Very often the financial markets are classified as money markets and capital markets.
Money markets deal in the short-term claims(period maturity of
one year or less).
E.g. Treasury bills market, call money and commercial bills market are examples of the money market.
Stocks markets and government bonds are the example of the capital market.
Equity market, debt market and derivatives market also the parts of capital market.
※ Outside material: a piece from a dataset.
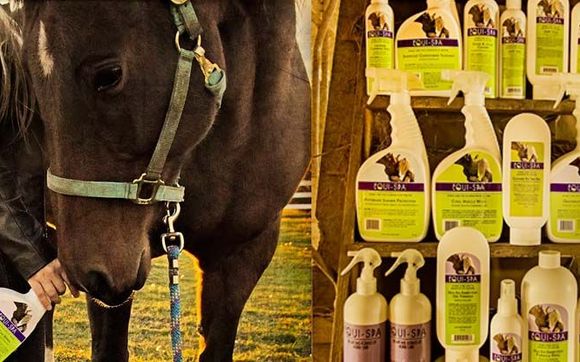 Equispa line of grooming products for horses by Equispa LLC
The capital markets deal in in the long- term(maturity period above 1 year) claims.
4)Financial Services
a) Banking Services
b)Stock Exchange Services
c) Insurance Services
d)Wealth Management Services
e) Investment Services
f) Portfolio Management Services
g)Tax/Audit Consultancy
h) Professional Consultancy/Advisory Services.
Written by...
S.M. Rachawad
At post Palaj.
Tq.Bhokar Dist.Nanded.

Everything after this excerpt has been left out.